• An agent is a application code that is capable of planning and reasoning, and has the ability to interact with the environment
    • Planning and Reasoning - Given a task, using the available AI model (Which is an LLM in most of the cases), agent thinks through and plans out a set of Actions that needs to be taken
    • Ability to interact with the environment - After planning out a set of actions, the agent now tries to complete these actions using the tools available

An Agent has two main components:

  1. Mind
    • It has the ability to think through an AI model and plans out a set of actions
  2. Body
    • Given a set of actions, the tools that can be used to achieve these actions form the body of an AI Agent

What are LLMs ( Large Language Model)?

LLM is a deep learning model used to understand and generate human understandable data.

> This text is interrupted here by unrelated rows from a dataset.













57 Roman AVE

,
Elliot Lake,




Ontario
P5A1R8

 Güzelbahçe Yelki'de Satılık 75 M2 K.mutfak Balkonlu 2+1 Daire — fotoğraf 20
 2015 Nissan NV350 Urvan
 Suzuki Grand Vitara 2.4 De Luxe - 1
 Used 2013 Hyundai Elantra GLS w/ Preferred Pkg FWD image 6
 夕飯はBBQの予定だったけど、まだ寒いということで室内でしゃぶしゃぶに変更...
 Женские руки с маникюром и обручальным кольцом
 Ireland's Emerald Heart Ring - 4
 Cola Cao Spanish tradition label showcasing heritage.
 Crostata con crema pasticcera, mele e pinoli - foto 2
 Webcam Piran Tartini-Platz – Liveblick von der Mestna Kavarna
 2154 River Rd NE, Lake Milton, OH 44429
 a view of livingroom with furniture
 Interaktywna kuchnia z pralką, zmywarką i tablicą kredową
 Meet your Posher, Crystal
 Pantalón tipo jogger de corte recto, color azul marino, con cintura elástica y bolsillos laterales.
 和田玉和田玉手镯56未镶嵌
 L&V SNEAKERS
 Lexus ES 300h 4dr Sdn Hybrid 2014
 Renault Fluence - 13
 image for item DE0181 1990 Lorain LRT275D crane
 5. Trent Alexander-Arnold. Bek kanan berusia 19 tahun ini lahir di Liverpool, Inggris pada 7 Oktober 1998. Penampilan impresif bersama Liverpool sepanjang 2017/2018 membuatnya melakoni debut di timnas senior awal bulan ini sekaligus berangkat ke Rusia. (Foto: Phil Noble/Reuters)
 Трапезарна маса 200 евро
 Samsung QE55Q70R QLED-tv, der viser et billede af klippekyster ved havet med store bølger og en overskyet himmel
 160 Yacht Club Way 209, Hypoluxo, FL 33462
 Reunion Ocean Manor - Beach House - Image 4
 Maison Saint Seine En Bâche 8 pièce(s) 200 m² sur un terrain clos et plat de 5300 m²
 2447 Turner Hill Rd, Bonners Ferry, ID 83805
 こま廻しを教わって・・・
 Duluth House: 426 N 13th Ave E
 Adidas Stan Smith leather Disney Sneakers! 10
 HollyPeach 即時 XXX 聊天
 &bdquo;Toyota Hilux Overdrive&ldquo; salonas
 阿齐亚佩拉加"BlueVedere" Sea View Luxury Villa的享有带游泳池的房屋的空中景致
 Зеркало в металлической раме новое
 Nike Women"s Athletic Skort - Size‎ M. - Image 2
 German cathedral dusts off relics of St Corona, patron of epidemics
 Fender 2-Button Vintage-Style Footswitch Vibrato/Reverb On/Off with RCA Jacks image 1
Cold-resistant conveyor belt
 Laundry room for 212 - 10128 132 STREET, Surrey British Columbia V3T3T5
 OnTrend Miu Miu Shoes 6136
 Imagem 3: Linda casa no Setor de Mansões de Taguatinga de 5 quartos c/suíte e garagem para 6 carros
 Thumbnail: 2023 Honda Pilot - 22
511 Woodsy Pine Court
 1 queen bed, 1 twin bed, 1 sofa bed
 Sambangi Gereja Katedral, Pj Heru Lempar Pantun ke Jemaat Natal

LLMs are predominantly built using transformers and Transformers can be classified into the following three:

  1. Encoders - A kind of transformer that can take in text and convert it into context heavy embeddings
  2. Decoders - A kind of transformer that can generate the next text based on the previous text sequence data
  3. Seq2Seq - A kind of transformer that takes in text and converts it into embedding. And generates the next word in the sequence

Attention mechanism - Used to understand the important part of the text data

Special Tokens

  • To help generate precise and contextual data
  • For example, EOS - denotes End of Sentence. And is used as an indicator for the transformer to stop generating text

Chat templates

  • Used to convert conversations to LLM understandable format - used to structure conversations b/w language models and users
  • It helps maintain context by preserving conversation history and hence leads to more coherent multi-turn conversations

Tools A tool is a piece of function given to the LLM to achieve a specific action. A tool should contain the following:

  • textual description of what the function does.
  • Callable (something to perform an action).
  • Arguments with typings.
  • (Optional) Outputs with typings.

How do tools work? The LLM will generate text in form of code to invoke that tool Agent parses the output given out by the LLM Recognize that there’s a tool call Invoke the tool Tools are invoked by LLMs by generating a specific kind of text. It might appear like it is the agent that has invocated the tool. But it was actually an LLM.